321. Feeling Restless in Medicine? One Pediatrician's Story of Leaving, Returning, and Finally Feeling Found

There is a particular kind of restlessness that many physicians experience — not quite burnout, not quite unhappiness, but a sense of not yet being fully found. Dr. Abhay Dandekar, a pediatrician and Jessie's co-resident, has lived that experience. In this conversation, he shares a career arc that moved through clinical medicine, hospital teaching, administrative leadership during a pandemic, and — most unexpectedly — back to the exact clinical home he left.

What changed when he returned was not the institution. It was him.

This episode is a generous, real conversation about all-or-none thinking, the stories physicians tell themselves about staying and going, how agency has to start from within, and what it means to build a career that is genuinely yours.

In This Episode, We Explore:

  • How to recognize when you are not yet found — rather than lost

  • Why all-or-none thinking makes career decisions harder than they need to be

  • What changes when you return to a familiar place as a different person

  • The distinction between anchors (what keeps you stable) and buoys (what keeps you navigating)

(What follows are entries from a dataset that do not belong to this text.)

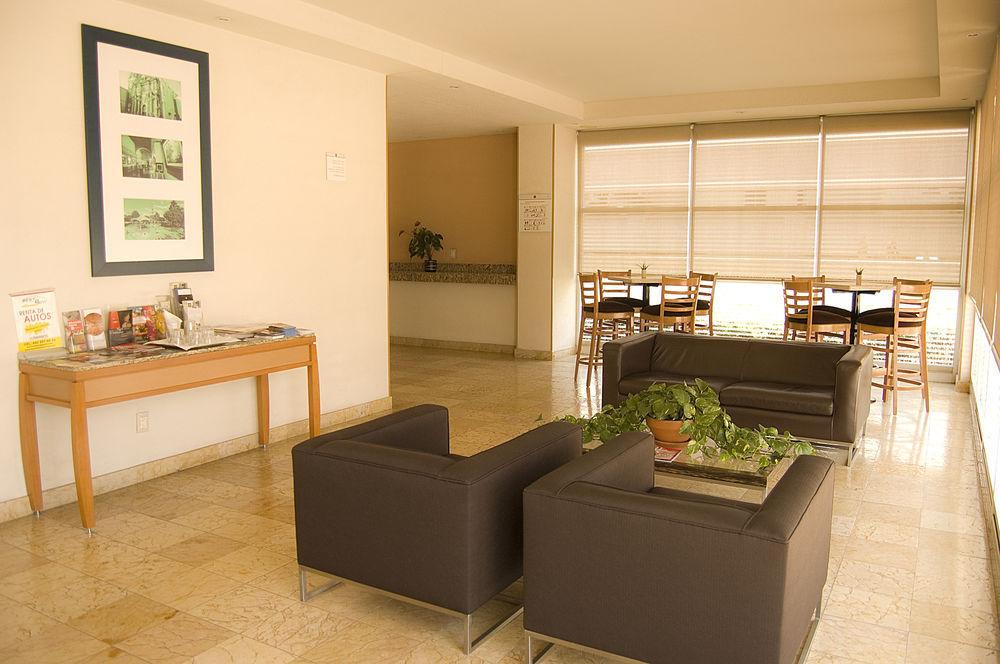 Turotel Querétaro Exterior foto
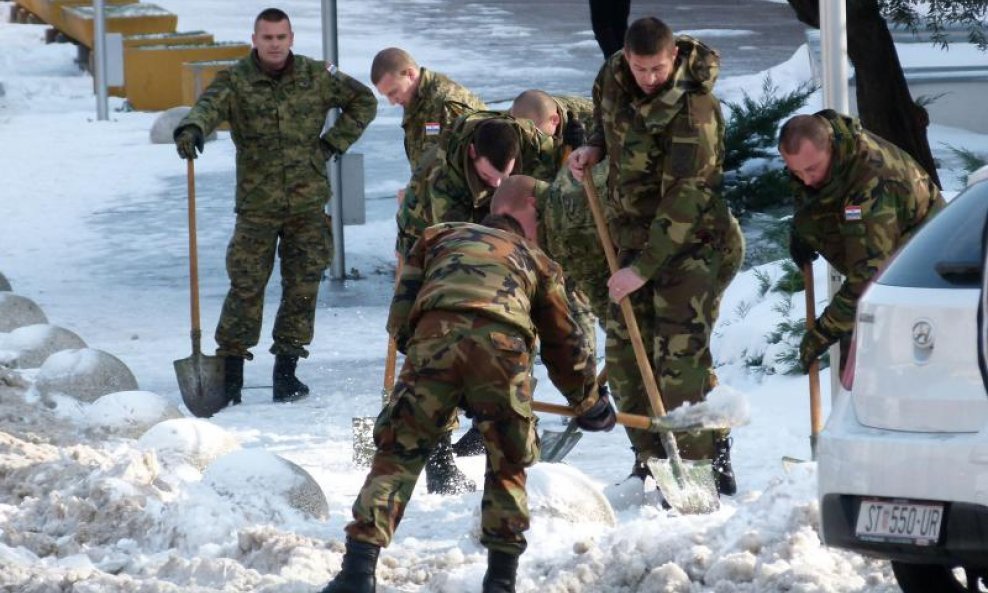 Vojnici čiste snijeg u Splitu (4)
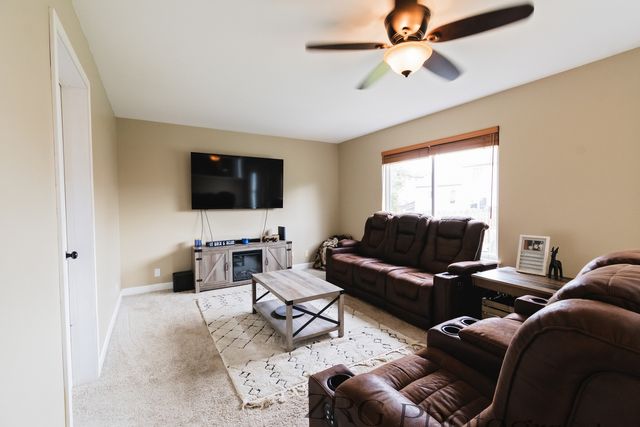 25518 W Foxtail Road, Round Lake, IL 60073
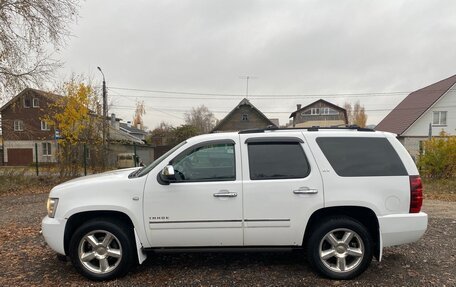 Chevrolet Tahoe III, 2012 год, 2 550 000 рублей, 1 фотография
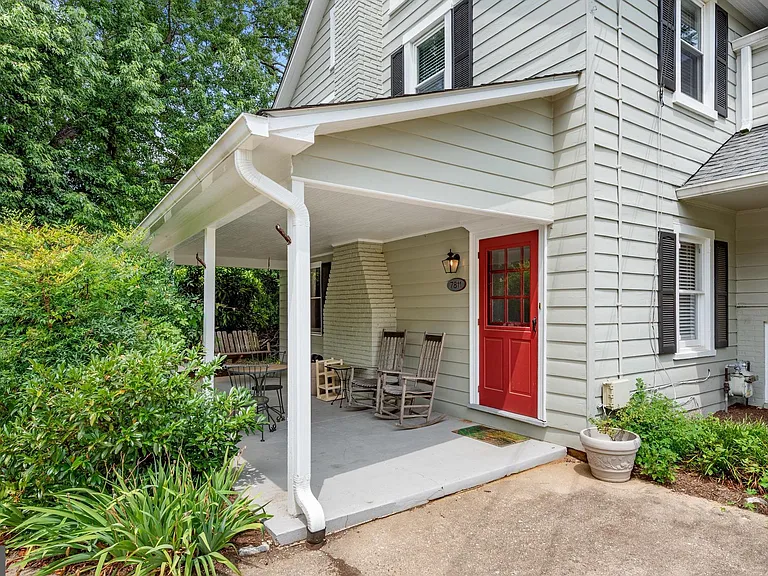 7811 Maple Ave — Photo 3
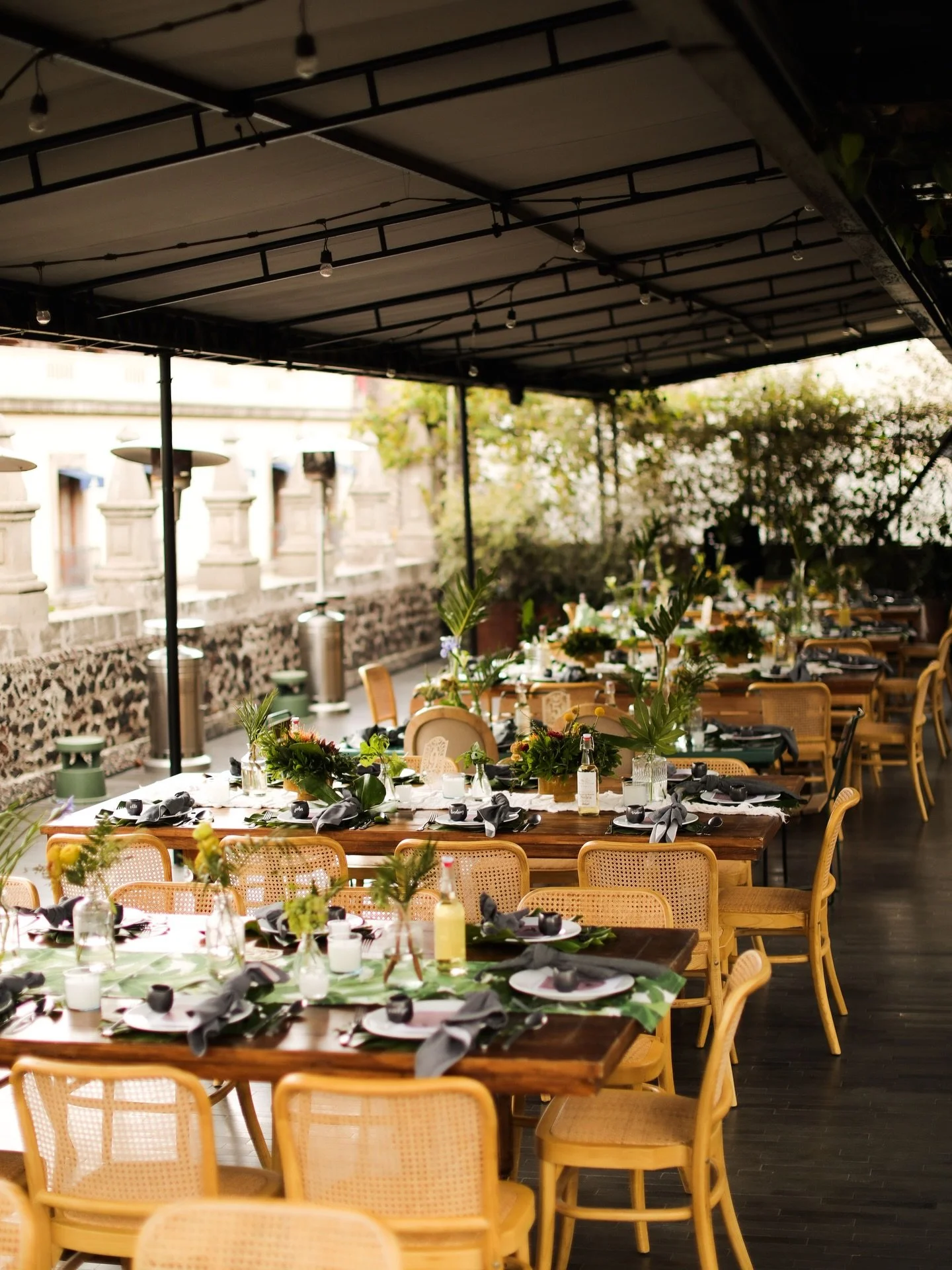 Flores que cuentan tu historia de amor.

Dise&ntilde;amos escenarios &uacute;nicos para el &ldquo;s&iacute;, acepto&rdquo; ✨
Cada detalle floral est&aacute; pensado para emocionar, envolver y quedarse en la memoria.

💐 Bodas que florecen para siempr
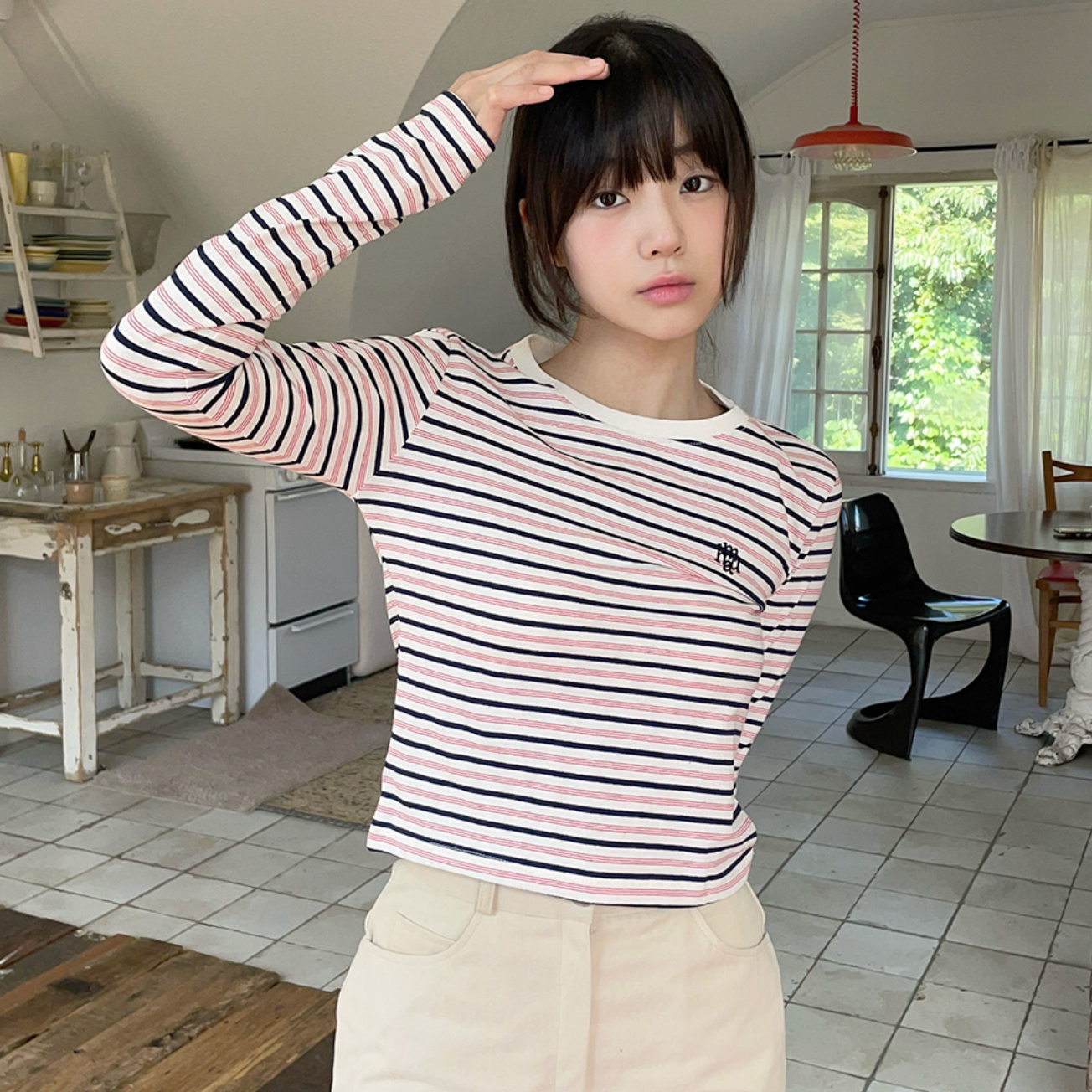 [muahmuah] Logo Stripe Crop Long Sleeve Tee [Navy]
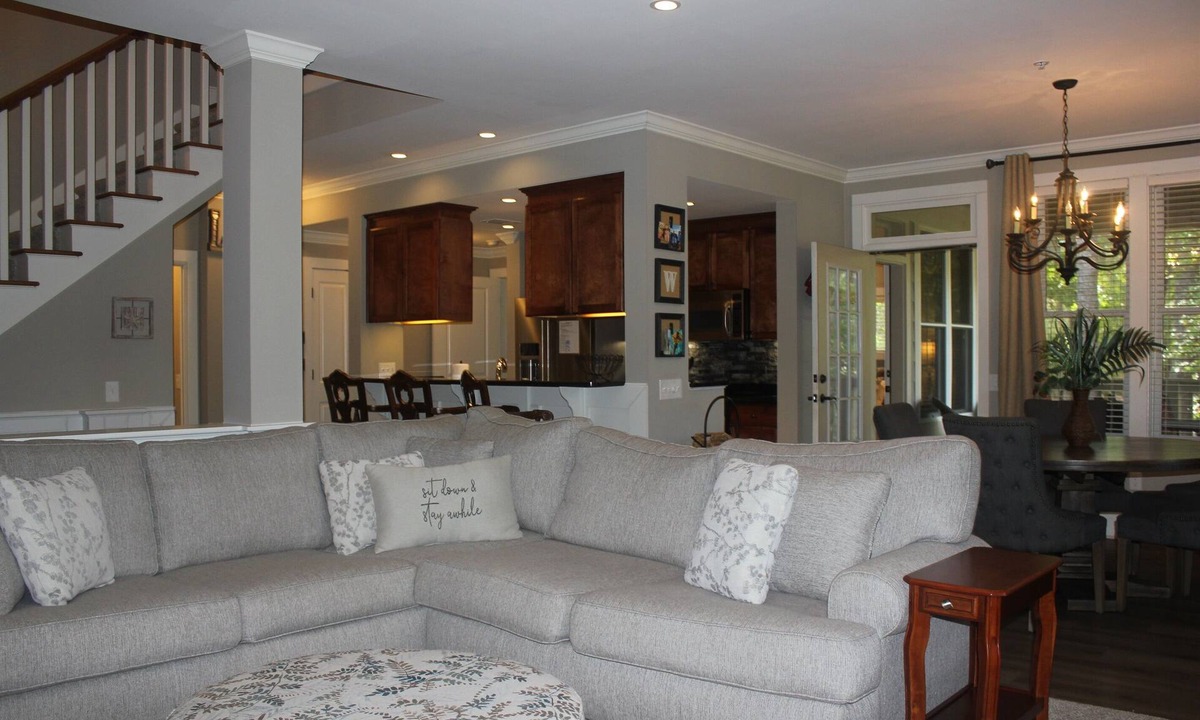 Greensboro Condo | WOW! 30% Off Until June | Walk to Ritz, Golf Front, 3 King Beds, Book Now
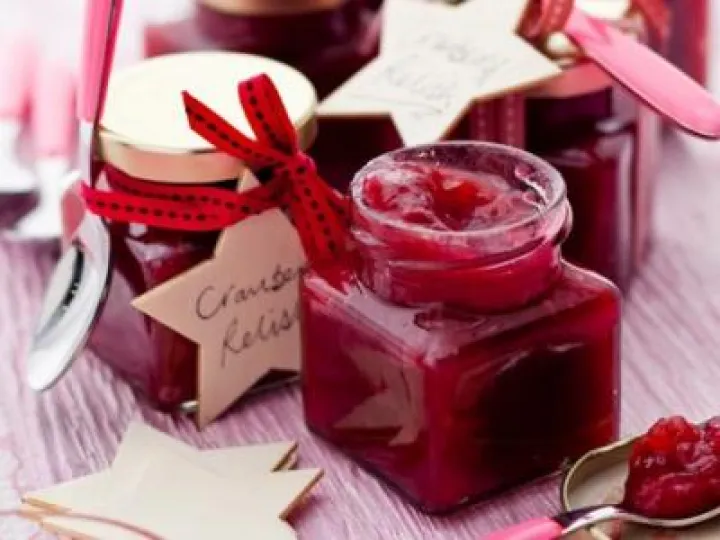 3-suzi-cranbery-chutney-M202152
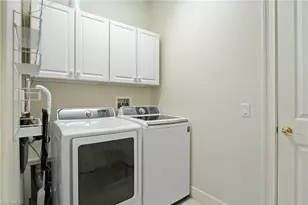 2506 Retunda Pkwy W, Cape Coral, FL 33904 - Photo 36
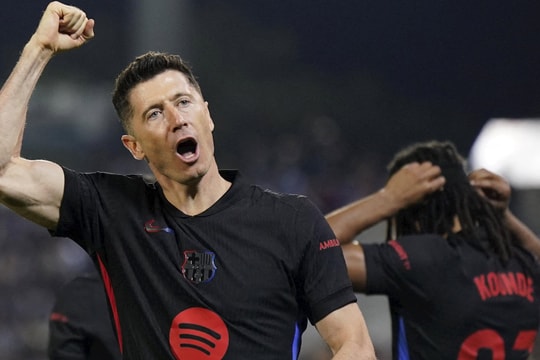 Barca nới rộng khoảng cách với Real trong cuộc đua vô địch La Liga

  • Why agency and sponsorship have to be cultivated from within before they can come from anywhere else

  • The difference between mentors and sponsors — and why both matter for longevity

  • How thought partners and daily reflection sustain a career in medicine

Pearls of Wisdom

  • The roses and the trash smell the same no matter where you are. What changes is how you show up.

  • You can be functioning well on the outside and paying a real cost underneath.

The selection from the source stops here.